チャルワンカに着いても疲労感は全くなく。
いったい僕の体に何が起きているというのか。
次の街はアバンカイ。
リマからクスコへ向かうもう一つの道のアヤクーチョ方面との合流地点になっているのでそこそこ大きい街。
とゆうかナスカ~クスコ間で一番大きな街である。
距離にして約120km。
しかしその内の100kmが下り坂である。
アバンカイまで着けば、クスコも目の前に見えてくる。
それに前日、先行しているモトミくんがアバンカイに滞在していると連絡をもらっていたのでそれを励みに出発。
傾斜は極めてゆるい下りで一見すると平地?と見間違うほどであったが、ひとたびペダルを踏むと軽々と25km程のスピードが出た。
ここは間違いなく下りだ。
アンデス越えのボーナスステージは徐々に広がる川幅とともに颯爽とした風を引き連れて。
あっという間に100kmを下りきった。
下りきった先のガソリンスタンドに休憩によると、サイクリスト2人の姿が見えた。
オラ!挨拶を交わし、少し立ち話。
教師をしているというカナディアンの夫婦は以前も南米を走ったことがあるそうだが、その時ペルーだけは雨季で走れなかったそうだ。
今回はリマからラパスまでの旅程で、ナスカから来た僕とは違ってもう一方のアヤクーチョ方面から来たそう。
マチュピチュで会おう!と二人にサヨナラをし、アバンカイへ向かう登りの手前でレストランに入った。
とここでも自転車が。
今度はブラジル人サイクリストだった。
彼は僕らとは違って逆走ルート。
ブラジルからアラスカを目指すそうだ。
かなりの軽装備でかなり早そう。
聞けばブラジルからここまで1ヶ月で来たそうだ。。。
このブラジル人のブルーノと一緒に食事をとる。
逆走ルートなのでお互いのルート情報を交換する。
ちなみにブルーノは地図も持っておらず、ここから100km以上ずっと上りだよって教えたら顔がひきつっていたのであった。

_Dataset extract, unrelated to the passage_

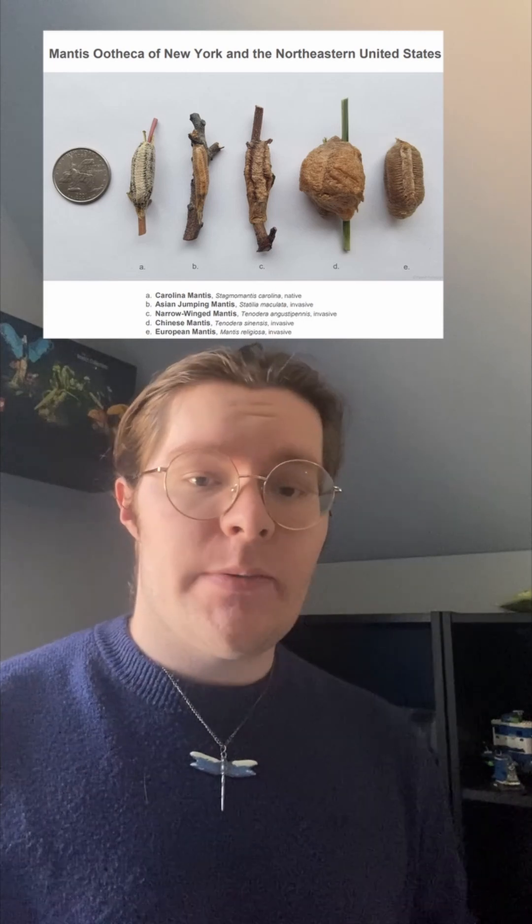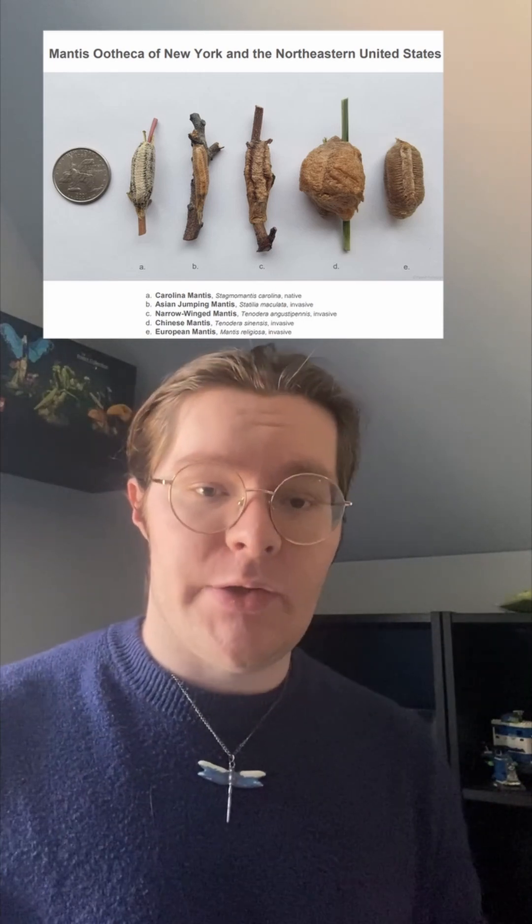However, before you use mantises for gardening, be sure you know what you're doing. First of all, mantises cannot discriminate between pests and helpful, beneficial pollinators. Additionally, a lot of gardening stores will sell non-native species of mantis eggs, labeling them as simply mantises for pest control.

ブルーノと別れた後はアバンカイへと続く最後の登り坂。
傾斜自体は緩やかだったが、この辺りの標高は1700mほどまで落ちてきていた。
日差しと気温が暑い。
昨日との気温差は40度近い。
とここで道脇の民家で談笑していたオバチャンたちが僕に気付いて、激しく手招きしてきた。

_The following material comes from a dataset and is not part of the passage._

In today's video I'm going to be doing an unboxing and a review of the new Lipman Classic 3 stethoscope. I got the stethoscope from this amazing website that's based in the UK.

その様子に『んん?』と怪訝な印象を持ったが、ちょっとおもしろそうと思い寄ってみる。
するとおばさんの一人が家に猛ダッシュで戻り、コップに並々注がれた謎の飲み物を持ってきた。
『暑いでしょ。飲みなさい!』
普通であれば有難いご好意だが、手渡されたコップに注がれた液体は一見すると泥水のよう。
いやまぁ何かの果実を絞ったジュースなのは分かるのだが、明らかにそれは清涼感とは無縁の濃厚さを見ただけで感じ取れた。
しかしなぁ。。
おばちゃんたちは興味津々に僕がこの飲み物を飲む瞬間を見ようとしている。
おりゃ!!
覚悟を決めて一口。
オェぇ~、予想通りの濃厚さ、そして風味…
申し訳ないがこれ以上は飲めなかった。
ただ、残すのは申し訳なかったので手元にあったコーラで口直しをしつつ、そのコーラの入ったペットボトルにそのジュースを入れた。
『ありがとう、これは後で飲むことにするよ』
そう言って何とかその場を凌いだものの、コーラをここで飲みきってしまったため
ここからアバンカイまで、手持ちの飲み物はこの泥水しかなくなってしまった…。
続く暑さと登り。
どんなに喉が乾こうがちょっとこの泥水は飲むことが出来なかった。
アバンカイは谷底から600m程登ったところにあり斜面にそって市街地が形成されていた。
その日が日曜日だったからかは分からないが、商店が全くといっていいほどやっておらず
街道沿いには自動車関連のお店が軒を連ねていたが、どうにも活気がなく不気味に荒くれていた。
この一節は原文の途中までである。